The Miracle Manicure

I’m so stoked because today I got to A) meet Tammy Taylor in person B) try out her new Miracle Manicure Base Coat, which is such a unique product that when I originally read about it on Friday, April 1, I thought it was an April  Fools’ Joke.

Here’s the deal: It’s a light-cured base coat that can make any regular nail polish last like a gel-polish, Tammy says. Today, she and several members of her team visited the NAILS office and gave us all “Miracle Manicures.”

Those are my nails in the photo (done in Tammy Taylor L.A. Red regular polish), and, while I can’t speak yet as to how it will last (I’ll do that next Thursday), there are two things that I already like about it. Two coats of the Miracle Manicure base coat totally smoothed out my nail ridges so that my polish looks smooth, and it has a shinier finish than a polish manicure usually does. (I’d say the shine level is comparable to that of a gel manicure.) Actually, I just thought of two more things I like about it: This new base coat actually makes the polish dry faster than it usually does (about five times faster, Tammy says) and it’s been several hours and I haven’t chipped anything yet. (That probably sounds pathetic, but I’m known for chipping a polish manicure within hours, which is why I generally choose light sheer colors where the chips aren’t as noticeable).

We’ll likely be running a full step-by-step with photos in the magazine soon, as well as posting it on our Technique channel, but in the meantime, the basic steps are:
1. Prep nails as usual.
2. Apply a coat of Tammy Taylor Miracle Manicure Base Coat.
3. Cure in a UV or LED light. (Tammy Taylor Nails offers a UV light, but Tammy says you can use any UV nail light.)
4. Apply a second coat of Tammy Taylor Miracle Manicure Base Coat.
5. Cure. Wipe off the tacky layer.
6. Apply any brand of regular nail polish. (No curing necessary.)
7. Apply a second coat of nail polish. (No curing.)
8. Apply any top coat. (No curing). That’s it.
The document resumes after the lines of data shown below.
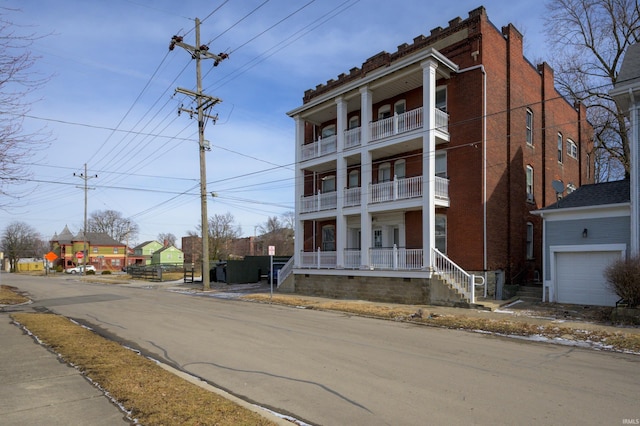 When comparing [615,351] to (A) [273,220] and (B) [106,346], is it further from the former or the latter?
(A) [273,220]

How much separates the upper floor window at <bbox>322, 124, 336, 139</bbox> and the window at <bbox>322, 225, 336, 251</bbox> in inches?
229

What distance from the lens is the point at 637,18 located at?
24.1m

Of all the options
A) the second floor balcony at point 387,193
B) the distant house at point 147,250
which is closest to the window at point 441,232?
the second floor balcony at point 387,193

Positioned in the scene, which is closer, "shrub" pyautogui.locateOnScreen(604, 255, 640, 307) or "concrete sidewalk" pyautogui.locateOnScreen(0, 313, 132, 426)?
"concrete sidewalk" pyautogui.locateOnScreen(0, 313, 132, 426)

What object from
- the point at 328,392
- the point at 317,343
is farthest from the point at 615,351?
the point at 328,392

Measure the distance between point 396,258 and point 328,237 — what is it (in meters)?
8.06

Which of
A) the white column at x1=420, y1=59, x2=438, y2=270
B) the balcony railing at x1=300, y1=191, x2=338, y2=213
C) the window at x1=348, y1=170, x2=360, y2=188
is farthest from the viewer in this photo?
the window at x1=348, y1=170, x2=360, y2=188

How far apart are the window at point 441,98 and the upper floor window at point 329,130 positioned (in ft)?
24.4

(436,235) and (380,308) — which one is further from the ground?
(436,235)

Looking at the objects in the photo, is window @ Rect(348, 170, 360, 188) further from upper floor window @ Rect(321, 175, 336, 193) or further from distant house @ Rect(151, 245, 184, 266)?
distant house @ Rect(151, 245, 184, 266)

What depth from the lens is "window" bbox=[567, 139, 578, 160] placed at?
28.3 metres

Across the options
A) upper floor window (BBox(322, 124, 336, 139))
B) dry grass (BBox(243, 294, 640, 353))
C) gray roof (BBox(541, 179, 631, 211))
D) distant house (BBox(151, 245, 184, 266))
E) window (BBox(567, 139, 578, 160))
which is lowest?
distant house (BBox(151, 245, 184, 266))

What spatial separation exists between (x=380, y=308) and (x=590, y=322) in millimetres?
6906

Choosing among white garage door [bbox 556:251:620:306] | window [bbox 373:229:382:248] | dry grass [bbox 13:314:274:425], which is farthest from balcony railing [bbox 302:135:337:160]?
dry grass [bbox 13:314:274:425] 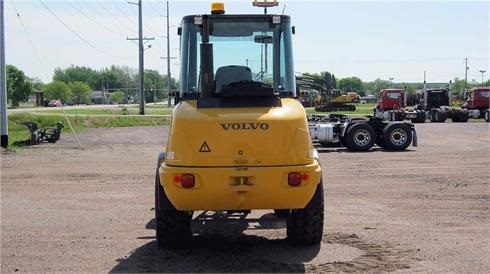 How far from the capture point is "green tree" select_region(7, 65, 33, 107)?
377 feet

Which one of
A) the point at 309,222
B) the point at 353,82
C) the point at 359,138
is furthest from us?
the point at 353,82

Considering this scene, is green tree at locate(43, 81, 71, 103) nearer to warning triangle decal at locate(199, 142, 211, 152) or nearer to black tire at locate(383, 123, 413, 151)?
black tire at locate(383, 123, 413, 151)

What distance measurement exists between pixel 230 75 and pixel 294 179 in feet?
5.50

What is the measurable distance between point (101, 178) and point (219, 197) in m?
9.58

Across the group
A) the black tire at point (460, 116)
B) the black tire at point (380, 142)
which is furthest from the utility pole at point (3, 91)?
the black tire at point (460, 116)

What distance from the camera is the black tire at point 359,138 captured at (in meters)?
23.3

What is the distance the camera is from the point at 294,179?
686cm

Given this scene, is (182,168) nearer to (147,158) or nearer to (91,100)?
(147,158)

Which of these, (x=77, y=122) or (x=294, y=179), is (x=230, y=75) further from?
(x=77, y=122)

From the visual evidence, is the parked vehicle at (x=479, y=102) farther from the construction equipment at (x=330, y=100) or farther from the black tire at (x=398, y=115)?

Tammy recommends listing the “Miracle Manicure” as a new manicure offering on your salon menu, as opposed to just an upsell on a traditional manicure. She suggests pricing the service between $20 to $35 (without a spa manicure) or $35 to $50 (with a spa manicure).

To remove the polish, simply use any polish remover  (no soaking required). That will reveal the base coat, still shiny underneath. (Tammy says some of her testers wore the base coat plain.) To remove the base coat, all you have to do is buff it off lightly. I’m definitely curious to try out this removal process, but I want to wait at least a week before I remove the color. Tammy says it will add about an extra seven to eight days of wear to whatever your client’s typical polish wear is.

Stay tuned to From the Editors to find out how the manicure lasts on the NAILS staff. In the meantime, here are some photos from Tammy’s visit:

Tammy Taylor (second from left) brought team members Yvette Cotton, Maria Herrera, and Karina Penazola  with her to the NAILS office.

Tammy Taylor and I smile for the camera and show off my freshly polished nails.

Tammy had a little reunion with Ed Bobit (center), founder of NAILS’ parent company Bobit Business Media, who she hadn’t seen in about 17 years. She also met Ty Bobit (far right), CEO/president.